(How to complete this task)
Leave every picture out and give back the lines below from the first through the line that holds "APPROXIMATELY 6 ASSORTED", exactly as written.

====== Material provided ======

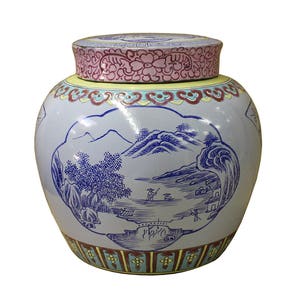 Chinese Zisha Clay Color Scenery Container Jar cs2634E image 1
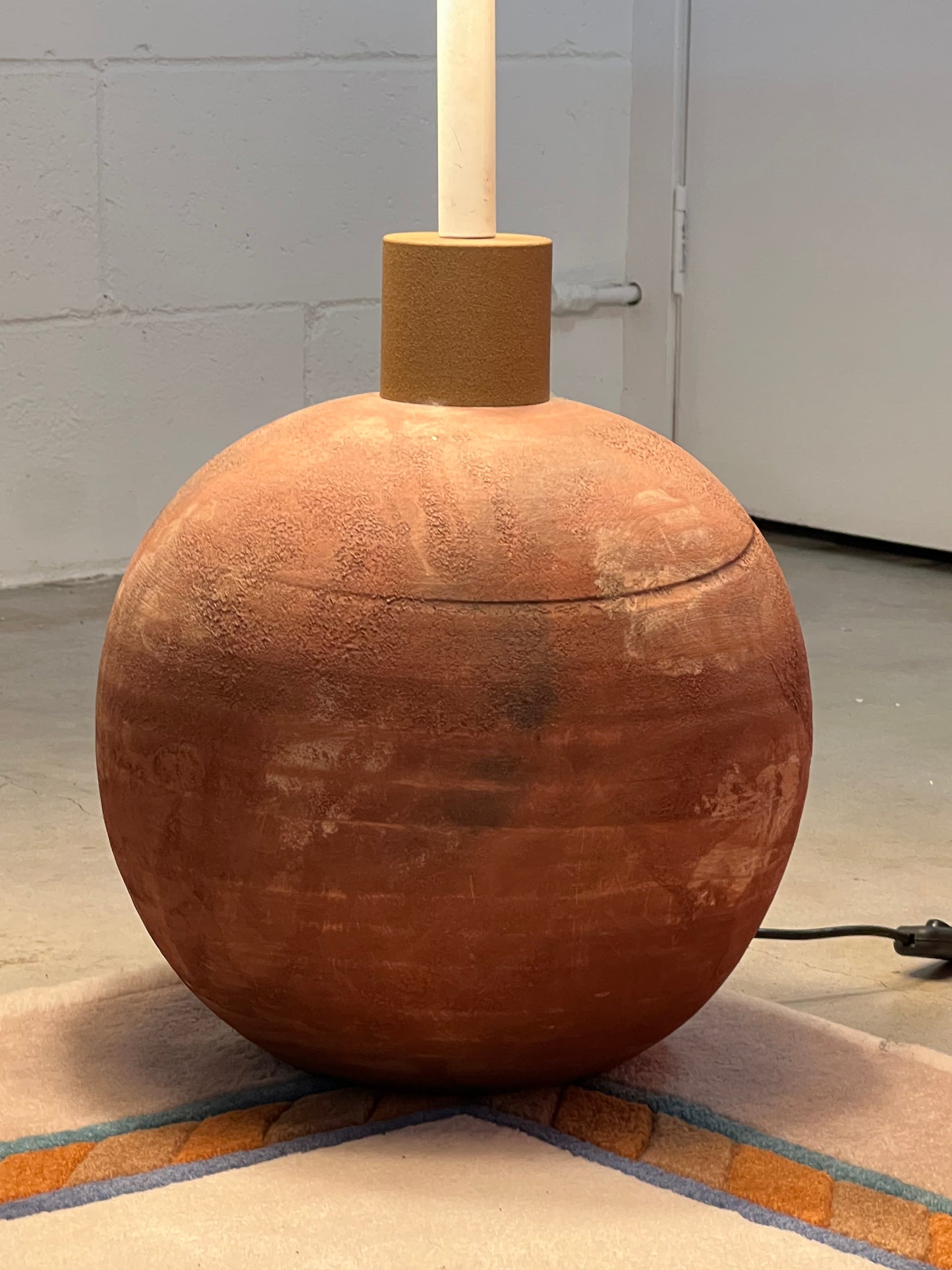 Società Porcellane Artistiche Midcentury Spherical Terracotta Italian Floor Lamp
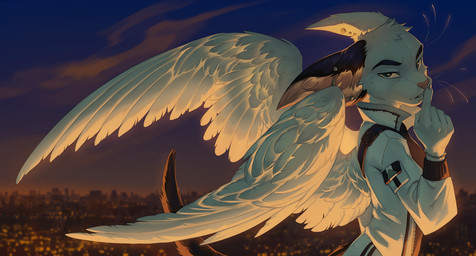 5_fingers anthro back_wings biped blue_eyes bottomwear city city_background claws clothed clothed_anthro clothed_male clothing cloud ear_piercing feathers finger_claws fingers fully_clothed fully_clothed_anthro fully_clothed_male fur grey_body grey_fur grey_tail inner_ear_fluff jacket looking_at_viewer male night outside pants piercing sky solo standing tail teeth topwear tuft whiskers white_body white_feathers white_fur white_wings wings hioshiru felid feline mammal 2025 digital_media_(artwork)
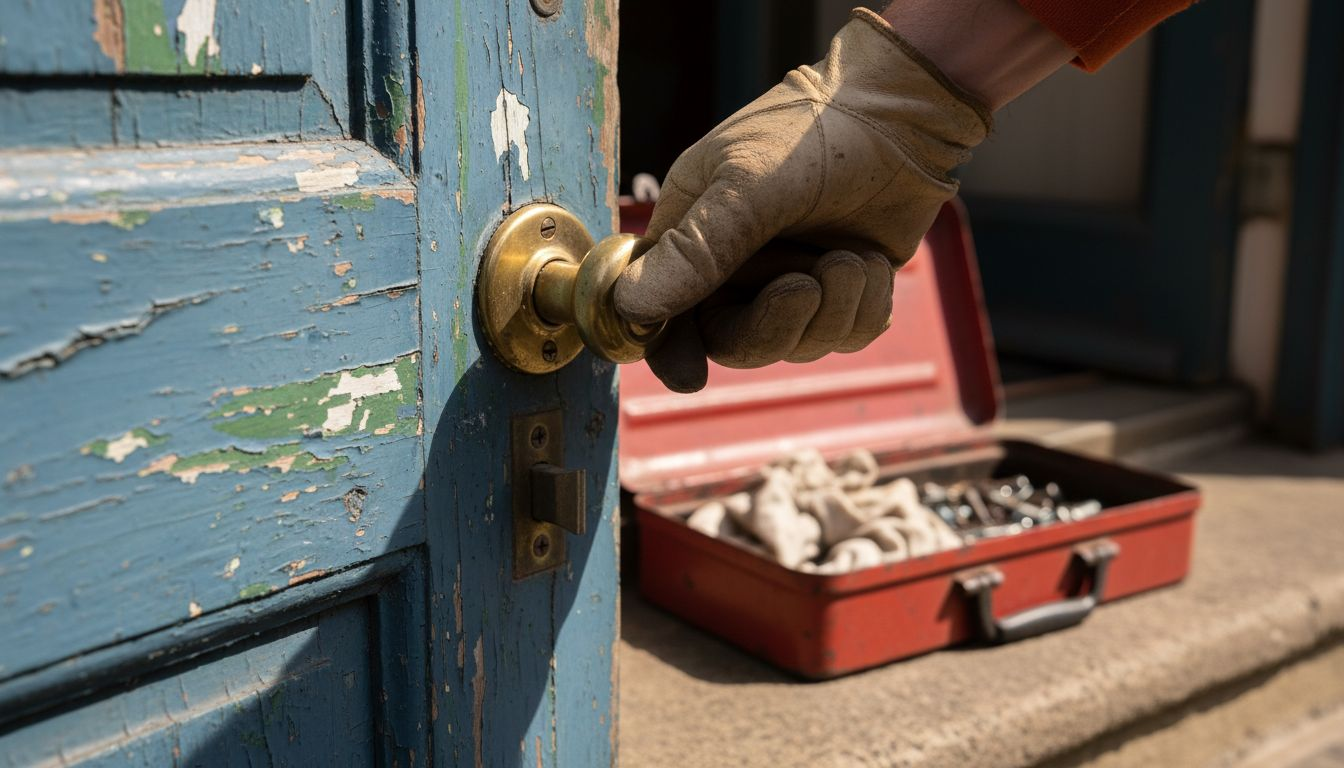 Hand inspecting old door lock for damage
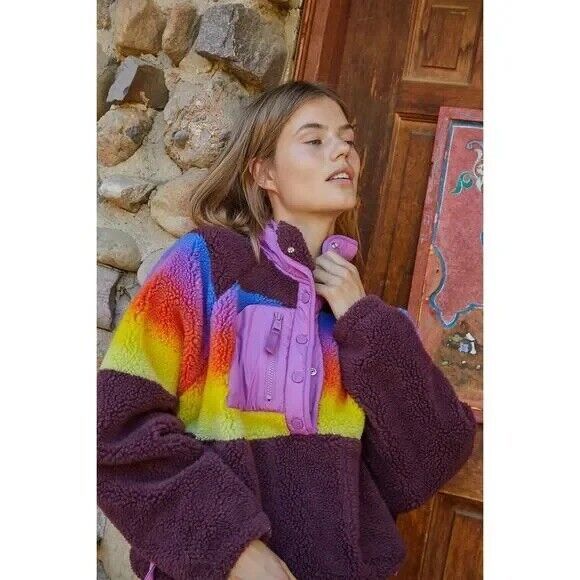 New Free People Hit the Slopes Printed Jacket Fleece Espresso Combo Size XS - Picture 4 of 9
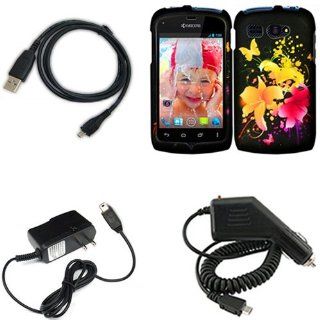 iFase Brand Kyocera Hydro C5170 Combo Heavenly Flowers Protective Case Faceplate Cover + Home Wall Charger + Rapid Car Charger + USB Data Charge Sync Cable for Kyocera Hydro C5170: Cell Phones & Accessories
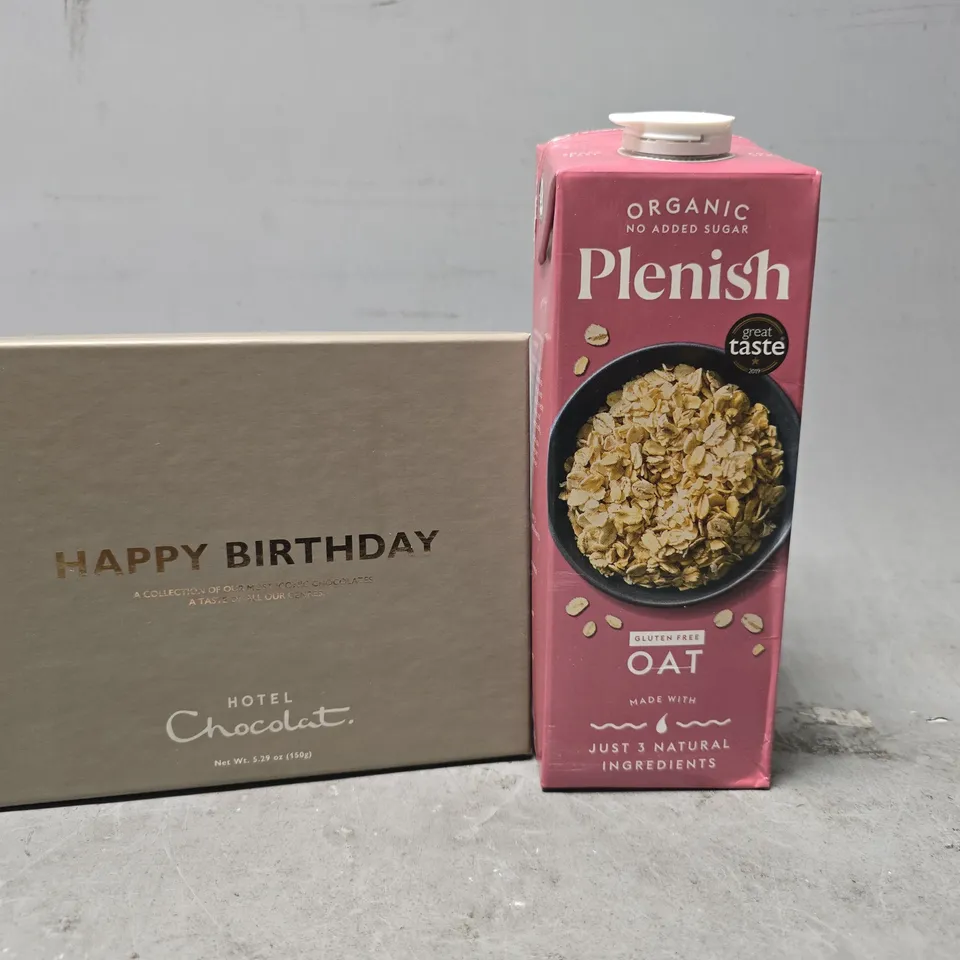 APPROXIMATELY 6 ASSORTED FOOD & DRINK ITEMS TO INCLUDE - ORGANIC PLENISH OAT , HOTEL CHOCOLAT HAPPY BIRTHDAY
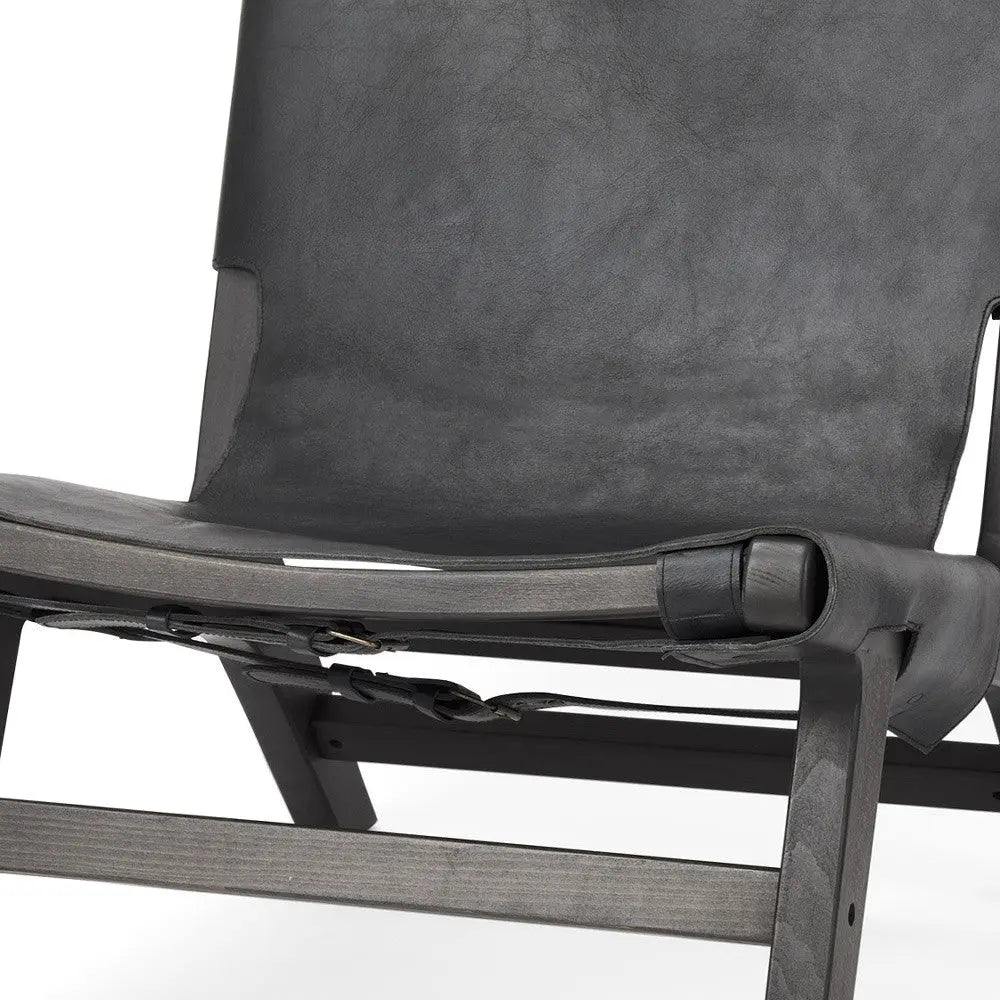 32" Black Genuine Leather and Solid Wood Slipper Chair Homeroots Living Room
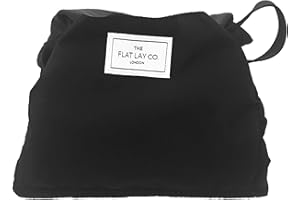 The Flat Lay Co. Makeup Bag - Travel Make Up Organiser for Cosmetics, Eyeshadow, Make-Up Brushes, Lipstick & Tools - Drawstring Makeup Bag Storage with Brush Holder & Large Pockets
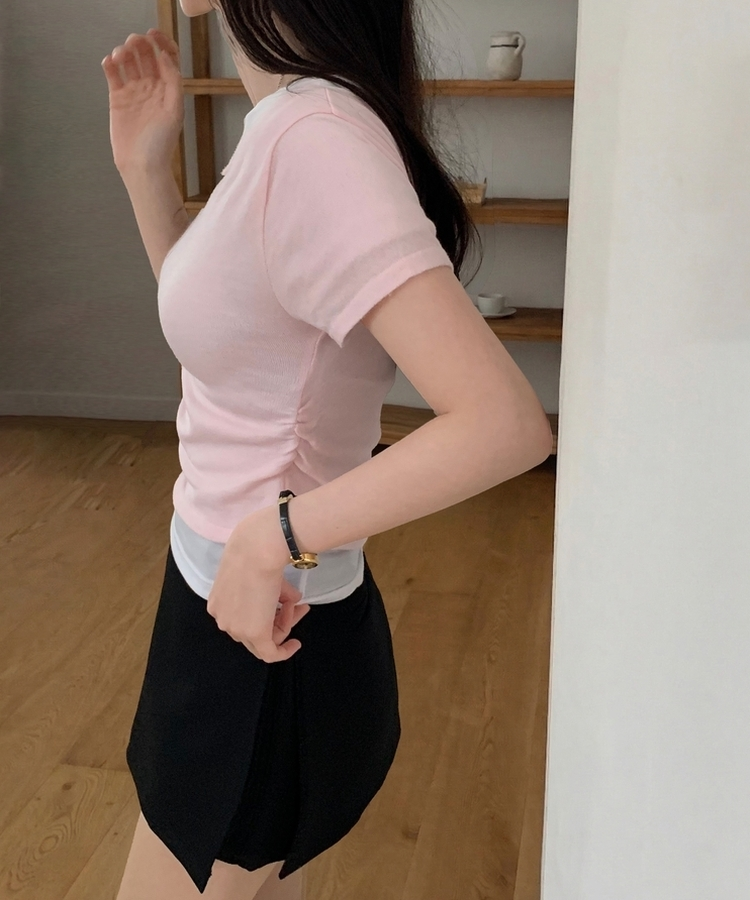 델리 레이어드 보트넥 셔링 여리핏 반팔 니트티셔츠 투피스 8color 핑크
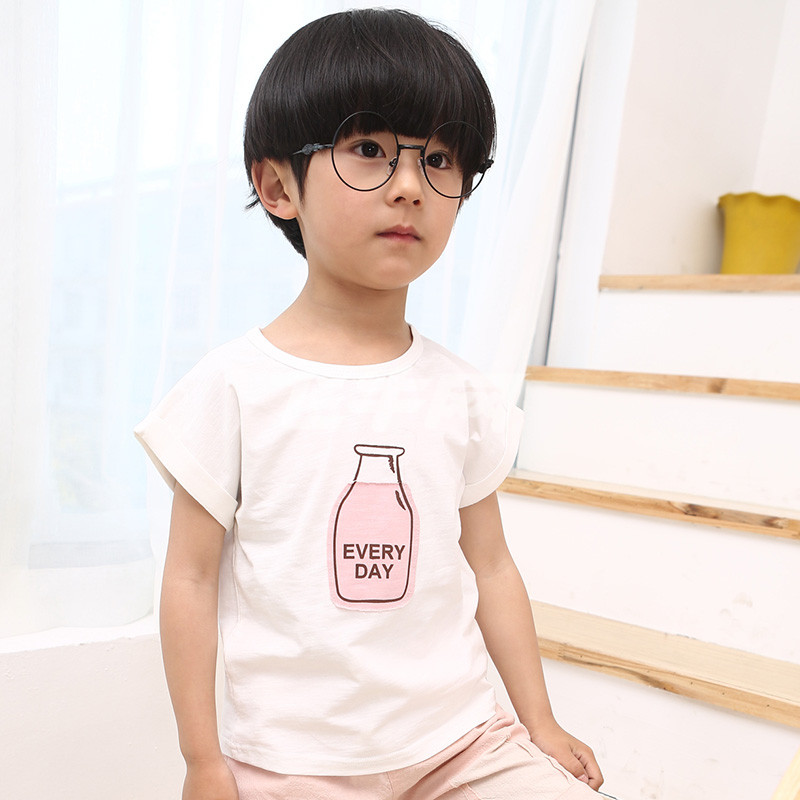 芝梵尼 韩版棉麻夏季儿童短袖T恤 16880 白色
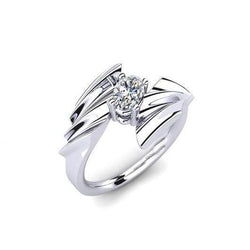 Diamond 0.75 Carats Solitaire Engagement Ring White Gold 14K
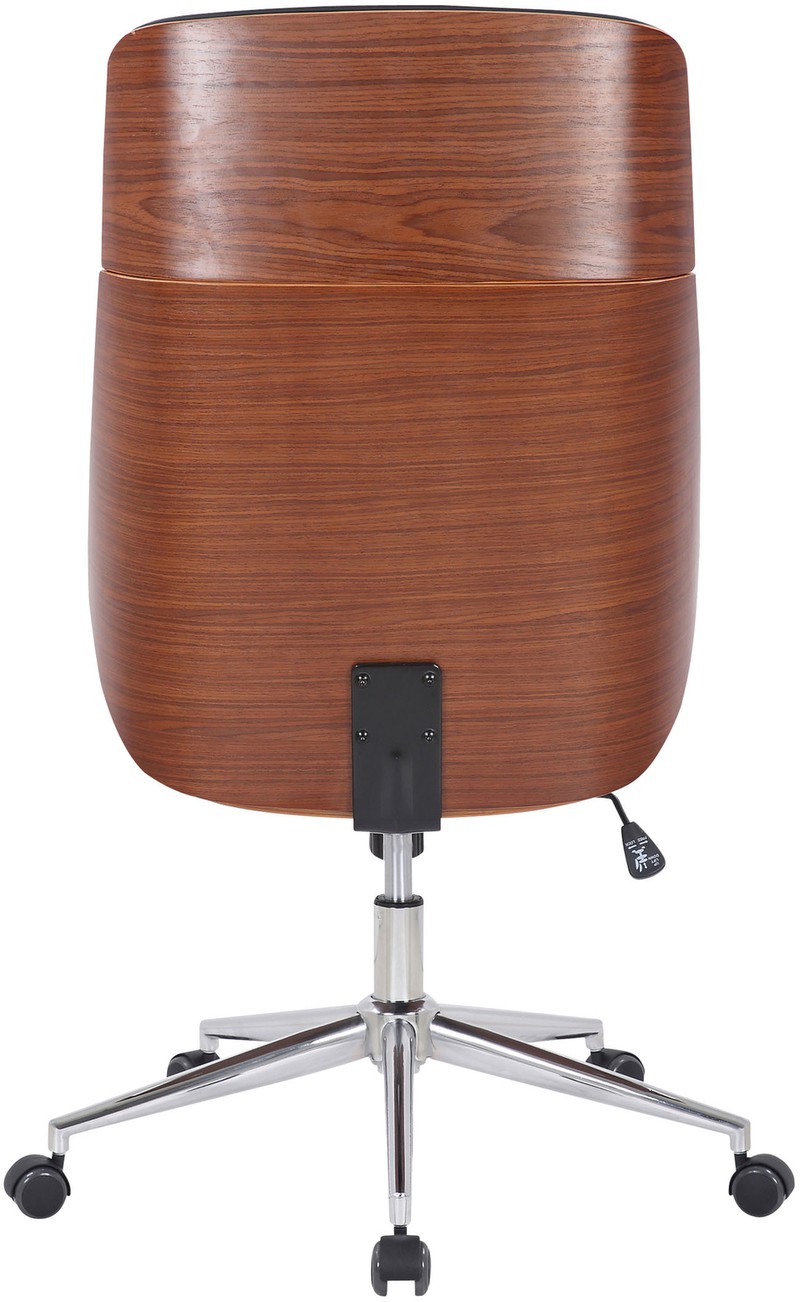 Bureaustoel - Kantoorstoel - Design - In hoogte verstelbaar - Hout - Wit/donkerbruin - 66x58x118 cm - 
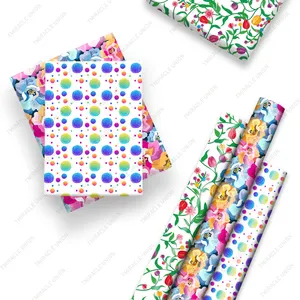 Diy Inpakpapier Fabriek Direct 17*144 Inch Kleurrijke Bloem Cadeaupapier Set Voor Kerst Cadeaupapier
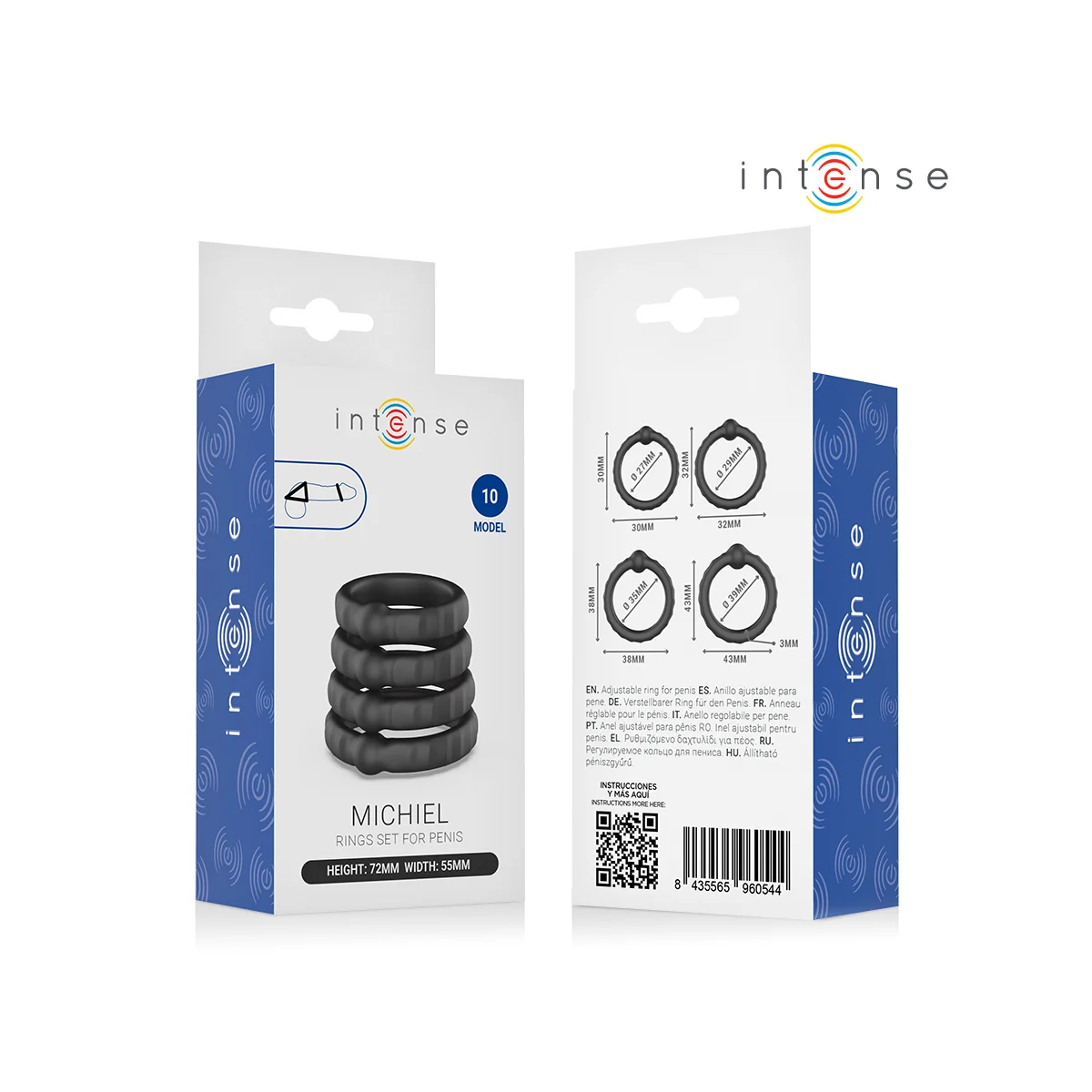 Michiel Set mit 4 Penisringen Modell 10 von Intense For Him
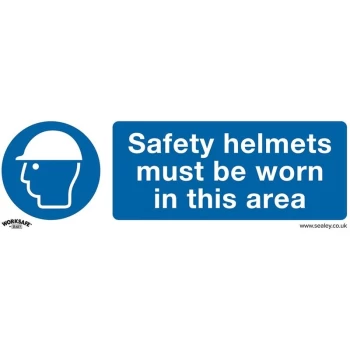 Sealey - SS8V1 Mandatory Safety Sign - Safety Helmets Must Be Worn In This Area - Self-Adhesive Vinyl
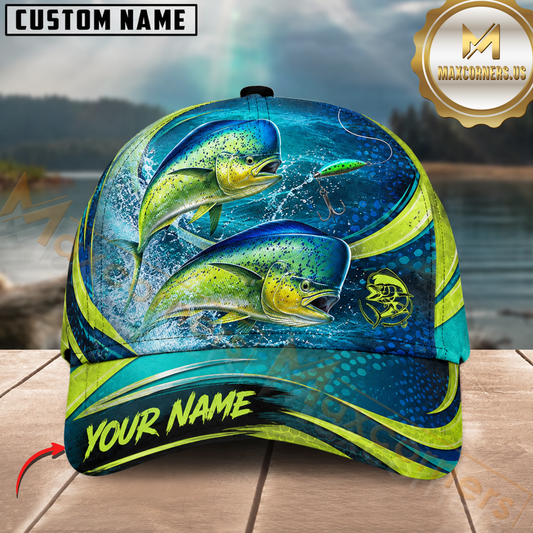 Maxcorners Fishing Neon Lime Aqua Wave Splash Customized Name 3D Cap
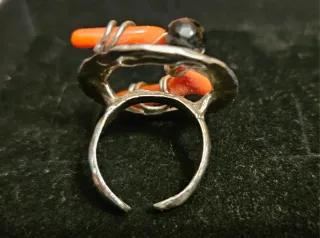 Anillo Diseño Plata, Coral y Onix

======

(Final answer)
 Chinese Zisha Clay Color Scenery Container Jar cs2634E image 1
 Società Porcellane Artistiche Midcentury Spherical Terracotta Italian Floor Lamp
 5_fingers anthro back_wings biped blue_eyes bottomwear city city_background claws clothed clothed_anthro clothed_male clothing cloud ear_piercing feathers finger_claws fingers fully_clothed fully_clothed_anthro fully_clothed_male fur grey_body grey_fur grey_tail inner_ear_fluff jacket looking_at_viewer male night outside pants piercing sky solo standing tail teeth topwear tuft whiskers white_body white_feathers white_fur white_wings wings hioshiru felid feline mammal 2025 digital_media_(artwork)
 Hand inspecting old door lock for damage
 New Free People Hit the Slopes Printed Jacket Fleece Espresso Combo Size XS - Picture 4 of 9
 iFase Brand Kyocera Hydro C5170 Combo Heavenly Flowers Protective Case Faceplate Cover + Home Wall Charger + Rapid Car Charger + USB Data Charge Sync Cable for Kyocera Hydro C5170: Cell Phones & Accessories
 APPROXIMATELY 6 ASSORTED FOOD & DRINK ITEMS TO INCLUDE - ORGANIC PLENISH OAT , HOTEL CHOCOLAT HAPPY BIRTHDAY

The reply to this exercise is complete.